Best of all, this is a “Full House” concert, which means the usual range of ticket prices has been slashed to a flat $25 for all reserved seats.

Grant Park Music Festival

(It’s free!)

One of Chicago’s most admirable traditions, the Grant Park Music Festival has been providing free, high quality classical concerts every summer since 1935. In fact, it claims to be the only free, outdoor classical music festival in the country. But even if this weren’t the case, the festival offers something unique—where else can you hear music at this level with a Lake Michigan Breeze on your face and the sounds of evening traffic screaming in the distance? Best of all, Grant Park is right in the heart of downtown and lends itself perfectly to unplanned jaunts.

The resident Grant Park Orchestra is quite respectable and has been developing nicely for some years. Current music director Carlos Kalmar consistently programs an interesting mix of standard repertoire and weird, experimental fare, and this summer seems no exception.

It’s recommended you arrive early enough to sit in the fixed seats close to the stage, but if you decide to sit on the grass, the Pritzker Pavilion’s sound system offers a reasonable listening experience.

Grant Park’s pretty easy to get to—just find Michigan Avenue. There are four parking garages nearby, but if you prefer public transportation, both Metra and CTA should get you there fine.

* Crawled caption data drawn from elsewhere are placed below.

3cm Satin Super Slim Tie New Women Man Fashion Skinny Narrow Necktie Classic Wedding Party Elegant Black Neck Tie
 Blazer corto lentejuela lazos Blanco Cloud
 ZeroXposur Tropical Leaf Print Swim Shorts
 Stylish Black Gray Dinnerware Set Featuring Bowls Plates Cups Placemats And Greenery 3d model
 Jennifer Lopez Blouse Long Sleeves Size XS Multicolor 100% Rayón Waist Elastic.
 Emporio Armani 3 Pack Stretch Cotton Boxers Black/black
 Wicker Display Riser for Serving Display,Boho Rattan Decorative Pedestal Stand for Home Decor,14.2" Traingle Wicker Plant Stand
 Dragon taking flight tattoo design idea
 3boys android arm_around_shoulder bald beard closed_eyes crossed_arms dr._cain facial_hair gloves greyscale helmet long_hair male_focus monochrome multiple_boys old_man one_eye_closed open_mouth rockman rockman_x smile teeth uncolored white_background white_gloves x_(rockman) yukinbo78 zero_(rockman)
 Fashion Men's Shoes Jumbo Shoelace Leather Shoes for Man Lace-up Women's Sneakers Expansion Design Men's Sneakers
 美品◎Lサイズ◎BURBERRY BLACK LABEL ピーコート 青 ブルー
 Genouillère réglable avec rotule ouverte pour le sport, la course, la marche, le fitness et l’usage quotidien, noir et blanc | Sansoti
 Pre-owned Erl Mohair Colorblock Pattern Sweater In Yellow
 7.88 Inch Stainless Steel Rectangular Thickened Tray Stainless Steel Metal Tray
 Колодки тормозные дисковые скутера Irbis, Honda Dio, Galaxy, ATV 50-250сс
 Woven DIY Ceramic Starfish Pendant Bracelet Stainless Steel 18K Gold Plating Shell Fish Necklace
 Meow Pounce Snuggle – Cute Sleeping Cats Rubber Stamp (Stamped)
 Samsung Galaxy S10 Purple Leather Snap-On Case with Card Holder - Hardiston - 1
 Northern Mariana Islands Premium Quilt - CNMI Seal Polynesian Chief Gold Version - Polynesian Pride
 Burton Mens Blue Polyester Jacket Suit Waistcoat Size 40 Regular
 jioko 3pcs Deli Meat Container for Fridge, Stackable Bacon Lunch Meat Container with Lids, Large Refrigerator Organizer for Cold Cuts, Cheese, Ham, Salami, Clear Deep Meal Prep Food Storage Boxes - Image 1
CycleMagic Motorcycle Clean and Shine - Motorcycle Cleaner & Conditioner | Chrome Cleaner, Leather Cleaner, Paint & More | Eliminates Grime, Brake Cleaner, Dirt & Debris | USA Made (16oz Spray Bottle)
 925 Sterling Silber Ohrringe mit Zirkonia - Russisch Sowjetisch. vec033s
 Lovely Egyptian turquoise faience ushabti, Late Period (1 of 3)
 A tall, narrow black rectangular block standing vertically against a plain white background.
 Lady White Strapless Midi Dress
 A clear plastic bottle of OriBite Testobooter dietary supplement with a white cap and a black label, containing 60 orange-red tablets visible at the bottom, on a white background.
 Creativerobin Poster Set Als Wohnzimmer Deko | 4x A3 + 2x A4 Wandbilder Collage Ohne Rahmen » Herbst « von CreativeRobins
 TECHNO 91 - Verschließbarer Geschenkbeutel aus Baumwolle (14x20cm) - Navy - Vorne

Act I, Wagner’s Die Walküre

(August 13th6:30 PM)

So, ever heard Wagner outdoors? Not likely. Even aside from the particular performers, the exceptional premise of this concert makes it worth attending. Act I of Die Walküre is considered by many to be the very highest point of the entire Ring cycle, having a long history of excellent performances outside of the complete opera. As such, it is the most logical vehicle for so welcome an experiment.

But it gets better—music director Carlos Kalmar has somehow pulled together a real top notch set of principals. Cavernous bass Kristinn Sigmundsson will take on the role of the villainous Hunding. As Sieglinde, Nancy Gustafson is the name Grant Park’s pushing for this show—and she’s an excellent singer, no doubt about it—but it’s Torsten Kerl as Siegmund that’s the interesting name here. Dedicated Wagnerians are wondering if he’ll grow into the next great heldentenor, and with good reason—his Germanic voice is focused, bright, youthful, and metallic, slightly reminiscent of our other contemporary almost-heldentenor, Ben Heppner. In fact, the famous Mr. Heppner’s voice is just a little less focused, and a little less “helden” by comparison. True judgment must of course be reserved until Mr. Kerl may be heard live, but what can be heard on his various recordings is downright exciting.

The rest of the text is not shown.